A mate of mine was clearing his late mother's house and came across a book he thought I'd like. Too true I would. It is an unusual "beer book" as it is written by a pub architect and gives a great insight into how breweries designed pubs, their thinking behind designs and a lot of "do's and don'ts.

Written by Ben Davis, the book, The Traditional English Pub is dedicated to "the memory of the Architects Department, Ind Coope Ltd, disbanded on 3oth May 1980" and was published in 1981. The author doesn't confine himself to architecture, as there are chapters on Understanding the Pub, and sub chapters on breweries, licensees and some case studies. His observations on the "Essence of Pubness" are simple and compelling. According to Davis there are five essentials that a customer consciously or sub consciously seeks in a pub. He likes to feel welcome. He likes to feel at home. He likes to give and enjoy friendliness. He likes a good hearted atmosphere and importantly, "he likes a sense of continuity."  He goes on to explain how a good pub architect will try and make these qualities easier to achieve by good design, whether by new build or refurbishment.  At the end of the book, written by Frank Bradbeer, there is a Pub Design Guide which explains the steps from concept to completion.

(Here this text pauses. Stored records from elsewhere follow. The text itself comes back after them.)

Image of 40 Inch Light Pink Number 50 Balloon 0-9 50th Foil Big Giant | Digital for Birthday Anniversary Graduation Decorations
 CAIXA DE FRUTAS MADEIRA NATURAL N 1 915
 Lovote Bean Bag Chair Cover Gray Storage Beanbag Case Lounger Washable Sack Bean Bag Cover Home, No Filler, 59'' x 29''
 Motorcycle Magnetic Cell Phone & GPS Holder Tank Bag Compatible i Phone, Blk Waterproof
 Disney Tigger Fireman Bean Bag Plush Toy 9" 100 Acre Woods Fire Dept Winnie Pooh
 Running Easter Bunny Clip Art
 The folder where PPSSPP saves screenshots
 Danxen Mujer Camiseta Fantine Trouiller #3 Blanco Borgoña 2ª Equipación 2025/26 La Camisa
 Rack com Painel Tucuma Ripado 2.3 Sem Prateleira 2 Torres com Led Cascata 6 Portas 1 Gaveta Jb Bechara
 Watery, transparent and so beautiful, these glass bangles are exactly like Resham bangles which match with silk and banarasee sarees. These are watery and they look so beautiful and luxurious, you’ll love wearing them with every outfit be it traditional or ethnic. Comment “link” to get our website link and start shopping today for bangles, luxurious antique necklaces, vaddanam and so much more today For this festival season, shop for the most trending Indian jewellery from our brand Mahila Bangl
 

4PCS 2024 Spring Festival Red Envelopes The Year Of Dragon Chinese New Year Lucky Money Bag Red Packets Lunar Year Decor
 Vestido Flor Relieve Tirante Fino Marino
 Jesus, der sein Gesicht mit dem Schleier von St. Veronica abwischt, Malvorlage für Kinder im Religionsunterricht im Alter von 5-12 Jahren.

While some of this is pretty dated, it is a simply fascinating read and takes me back, in my mind to the 1980's, but in a good way.  It is also interesting that the author determines (and I agree with him) that the pub is a English rather than British institution.  As Davis puts it "The pub is English.  The Scots drink in bars, and the Welsh, bless them, will drink anywhere.  The Irish had the good sense to hold on to the pubs the English gave them, but their native manner of drinking is in grocers' shops." Perhaps these observations may not meet with unqualified agreement, but I reckon I can see what he means to a fair extent.

The book does hark back to a lost era and clearly Davis was an Ind Coope man through and through, but in some ways, reading it now, that is its strength and a reminder, that contrary to popular opinion, pubs didn't just happen. They were often designed by very clever men and indeed, as the author makes clear, women.

The author on handpumps: "they have a sculptural strength and elegance which, even regarded as abstract form, gives delight."

The Traditional English Pub.  A way of Drinking is published by the Architectural Press: London. ISBN 085139 055 2

11 comments:

The Beer Nut said...

Hardware shops too...

Cooking Lager said...

What's the gist of "Distinctions Between Bars" ?

John Medd said...

The Irish, of course, had bars or tap rooms in the back of shoe shops, grocers, hardware shops...

Curmudgeon said...

Purely by coincidence, I happened to dig this very book out only a couple of days ago. I would say most modern pub design, regrettably, chucks his precepts right out of the window.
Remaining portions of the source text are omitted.